Gnosis Chain makes key upgrade to prevent potential security attacks

Quick Take

  • Ethereum sidechain called Gnosis completed a hard fork upgrade today.
  • With the hard fork, Gnosis Chain has fixed an issue that led to two major DeFi hacks on its bridge with Ethereum.

Gnosis Chain has gone through a network upgrade in order to fix the issue that allowed hackers to steal $11 million from two DeFi protocols running on its network last month.

“All application builders on Gnosis Chain can now assume tokens bridged via the native bridge are not prone to the reentrancy attack anymore, which caused the hacks of Agave and Hundred Finance,” Stefan George, co-founder and chief technology officer at Gnosis, told The Block.

Gnosis Chain (previously known as xDai Chain) is a popular sidechain — a term that refers to a blockchain running parallel to Ethereum — that's run by GnosisDAO. There are more than $287 million of cryptocurrencies locked up in applications running on its network, per DeFiLlama. 

Gnosis Chain said, in an official post, that the hard fork — a significant network change — went live today at block number 21,735,000, which took place around 6:30 AM UTC.

The hard fork activated a proposal (GIP-31) on the Gnosis DAO governance aimed at preventing “reentrancy attacks,” which are a common type of security exploits targeting DeFi protocols.

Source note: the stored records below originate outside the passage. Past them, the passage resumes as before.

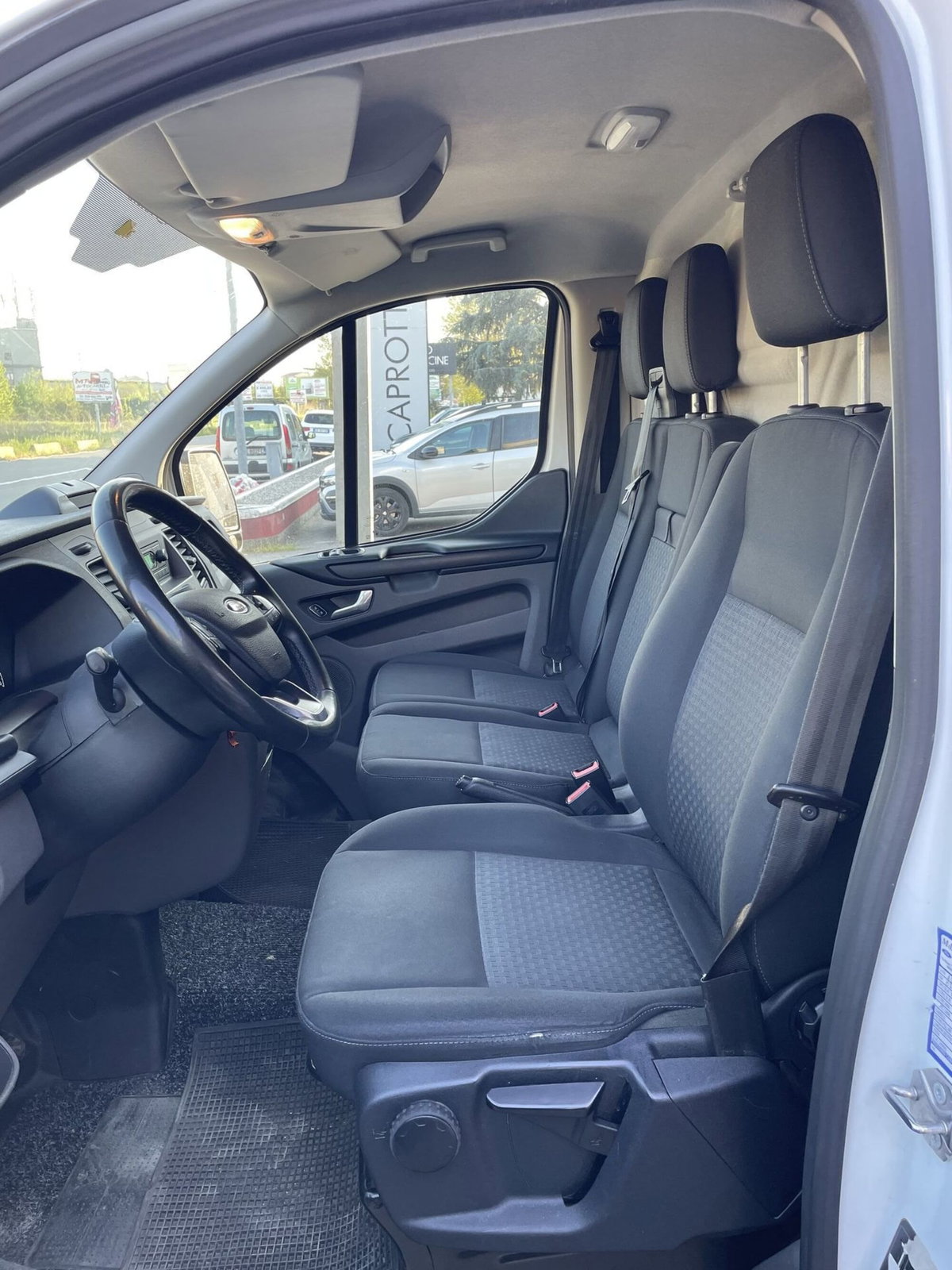 Ford Transit Custom Furgone transit custom V710 300 2.0 ecoblue 136cv Titanium L1H1 A8 (13)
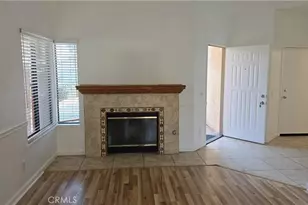 10387 Crossing Green Cir, Moreno Valley, CA 92557 - Photo 9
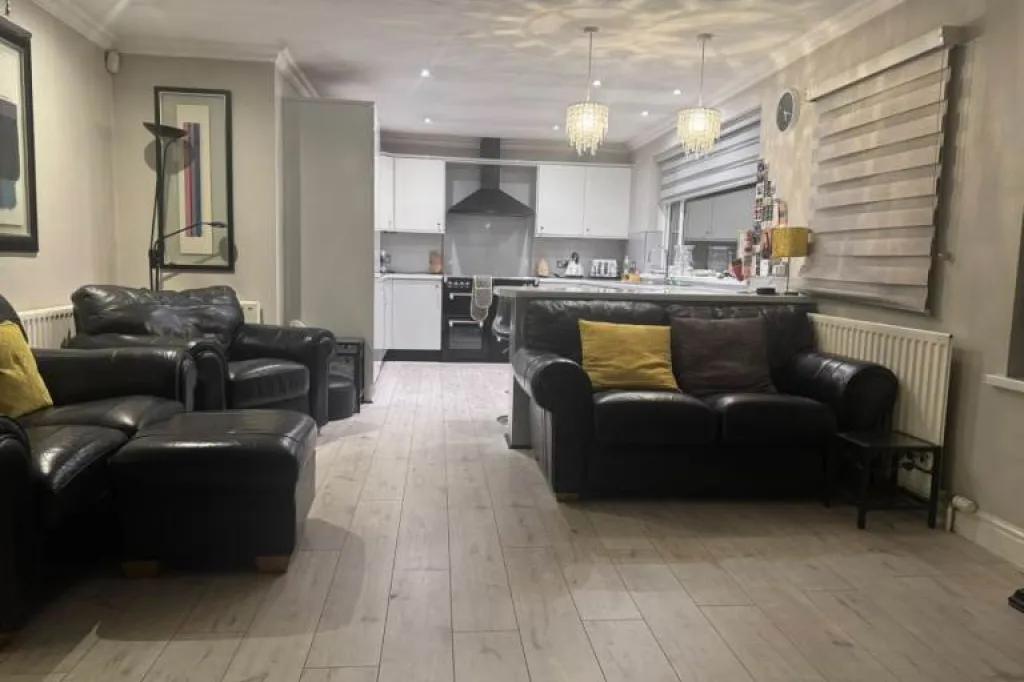 Spacious 4 Bedroom Family Home - Coniston Road Bangor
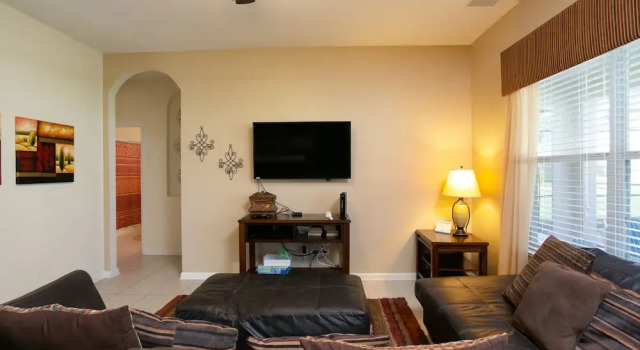 Villa 2682 Manesty Windsor Hills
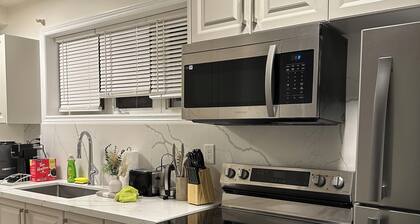 Private 2-BD, 1 Bath, with 1 packing Close to Hwy 401/407/412 with all you need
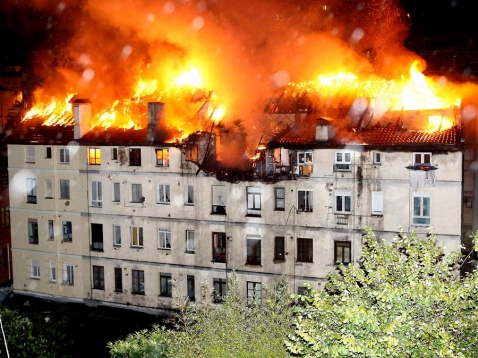 El incendio en la calle Tetuán en 2008.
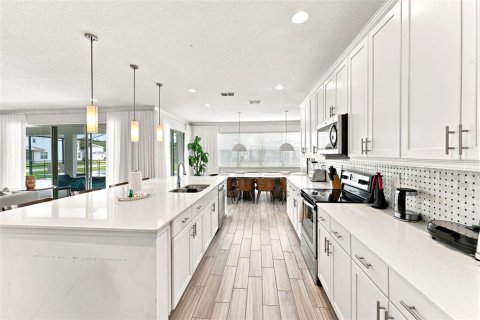House in Kissimmee, Florida 7 bedrooms, 410.81 sq.m. № 2284680 - photo 13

The proposal came after two DeFi protocols on the Gnosis Chain — Hundred Finance and Agave — suffered from reentrancy attacks and reportedly lost $11 million in various tokens to hackers. These attacks occurred due to a vulnerability within a smart contract that wraps Ethereum-based tokens on the OmniBridge — the official bridge on Gnosis Chain connecting with the Ethereum blockchain. 

A security audit last year found there was an incompatibility between bridged tokens on OmniBridge and the ERC-20 token standard that Ethereum tokens rely on. This mismatch between the two token types was what led to the two major exploits.

Prior to the upgrade, the development team working on Gnosis Chain stated that a hard fork would “harden” the security of tokens that have been bridged to the sidechain, and protect applications on the sidechain.